To me it sounds like you have agreed to have a time out. For her to collect her thoughts. For you to do the same. You have chosen to do some of it in this thread. That's fine.
To me it sounds like you have also agreed to "Open Marriage for a while" to determine if she is happier in marriage as a hinge. And you can determine if you can be happier in marriage to her as a "V arm" person. Fair enough. You guys agreed to this.
To me, you do not sound like you want to date yourself. Maybe you want to see if you can be happy as a monoamorous V arm? Is that what you want to try to find out?
You did ID some other areas you could work on in this Experiment Time.
- Distracted, depressed, not as present in the marriage as you could have been in the past, etc.
I'm not hearing when the "Opening Experiment" is supposed to check in. Is this with the new poly friendly counselor appointments each month? And do this for a year and final result is THEN? For deciding to give the experiment more time, end the experiment and continue as a polyship, end experiment to Close the Marriage back up, or to end the experiment and end the marriage?
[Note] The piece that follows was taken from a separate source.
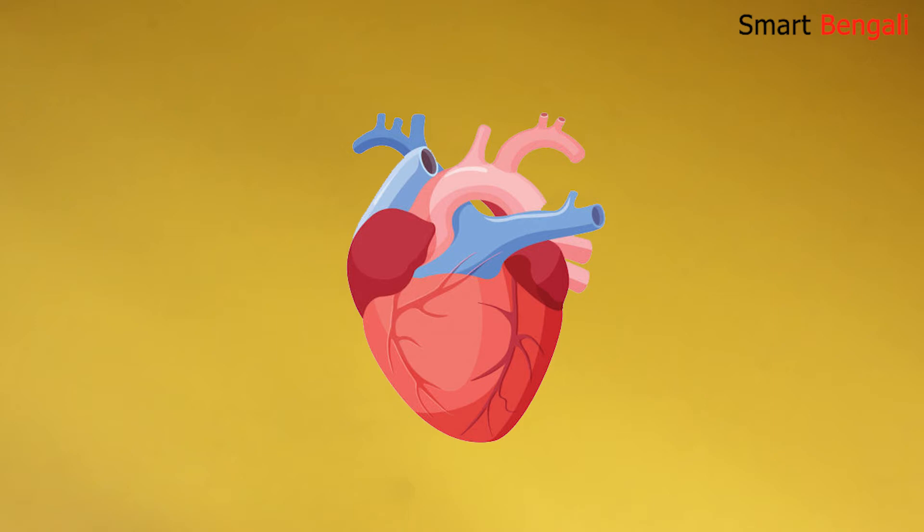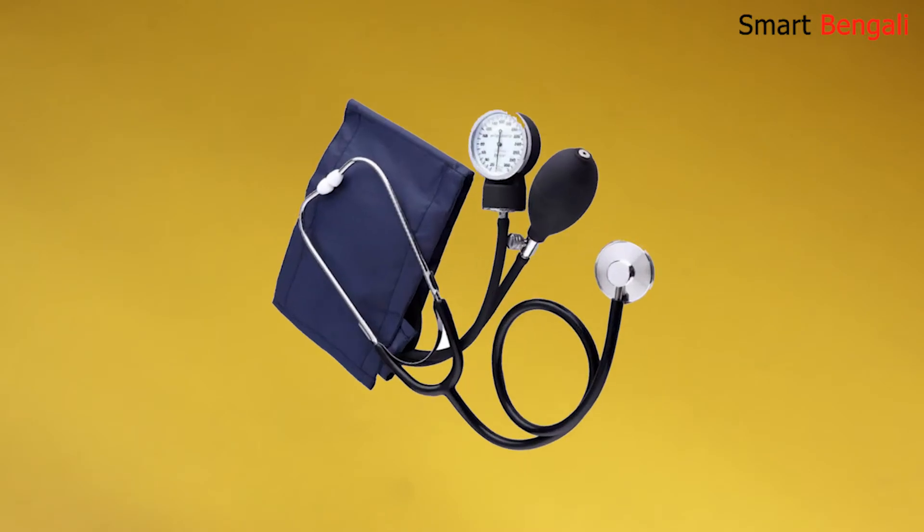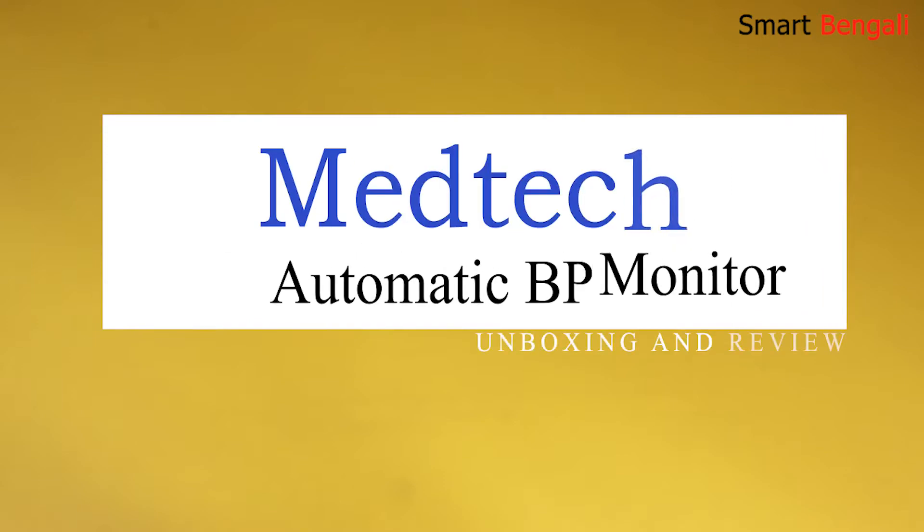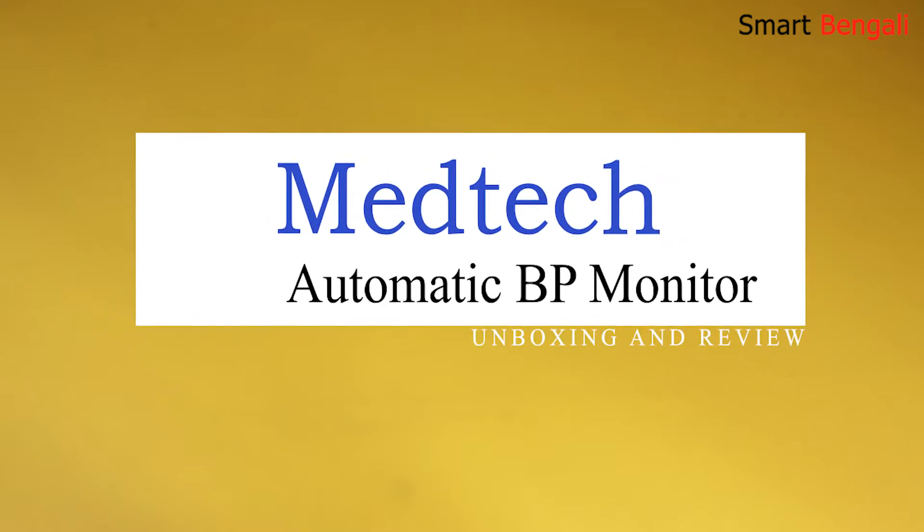My father is a heart patient and I monitor his BP regularly with a manual sphygmomanometer. But I was looking for a small portable digital device, so I purchased a digital BP monitor machine from Medtech. In this video I am going to unbox and test this BP monitor machine from Medtech, and I will also compare the result with a manual BP machine.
I'm also not hearing what you guys are supposed to be measuring for behaviors will be done/not done during this Experiment Time -- to improve yourselves, and to improve the marriage. Was it JUST to Open? If so, you opened. Can we call it a "successful marriage" then? Prob not.
You are going to feel a lot of things on the journey -- possibly work through some ugh feelings in the transition before arriving at a place of stability where you can take stock of your feelings then. Are you both aware of that and willing to get there? Nobody likes the added "ugh" of "Is my partner going to BAIL on me?!" Perhaps that could be alleviated by giving a time limit for monthly check ins and final result of the Opening Experiment a year out from finding a counselor to work with. (Just throwing out numbers for sake of discussion. You determermine your marriage needs with the wife who is actually in the marriage with you.)
Could ask your counselor for help in identifying your wants, needs, and limits for yourself, and wants, needs, and limits for the marriage and what "successful V shape marriage" means for you as a "V arm" person in the arrangement. What that means for her as the "hinge person" -- then get this written out for your agreements so you can hold yourselves and each other accountable. If you have something to look at it is much easier to ask yourself "Am I doing all the things I'm supposed to be doing? Is she?" You each plan to hold up your end of the deal right? So what's the deal you are holding? Can you look at it?
She knows you have this thread. She has asked for space to sort herself out.
Does that mean...
- She wants to have privacy with her own thoughts and does not want to share them with you right now and disclose for a while? How long?
- She wants to be free of hearing YOUR thoughts and she does not want to hear you disclose for a while? How long?
- Both those things?
If for a short time to cool off and get it together -- understandable.
If for a long time? The risk is growing emotional distance and detachment between you because of lack of disclosure = lack of emotional intimacy.
Could ask in counseling for the clarify there and what the limit is there that she suggests.
If she wants space for 30 days to collect herself before she recommits to working on closing gaps in the marriage so it can improve -- you might find that reasonable to endure, you willing to participate like that, and could use your thread to collect your thoughts and record your journey for later disclosure. Practice how you communicate with others if that is an area you want to work in.
If she wants space for 30 years to collect herself before she recommits to working on closing gaps in the marriage so it can improve, you may find that objectionable and not something you are willing to participate in.
Mostly -- I see you as still as the sorting yourself out place. There's a lot of questions that don't yet have answers. But that sounds normal for the stage you are at. The very beginning! Maybe you just want to collect questions -- flag and tag, but not worry about answers just yet. Get the lay of the land, so to speak. What territory you may have to cover with the wife and counselor.
So could keep on sorting so things can get clearer for you in time and hang in there. Take it one thing at a time and pace yourself. You sound like you want to be in your marriage and try to get back into right relationship with your wife, so give yourself credit there.
You are responsible for 50% of the effort in the marriage so... could hold up your end of the responsibility stick. Be present and accountable. Be taking stock right now of your situatuation. Not making plans, just... taking stock. Collect yourself.
Maybe that attitude could help you in this stage of the journey right now?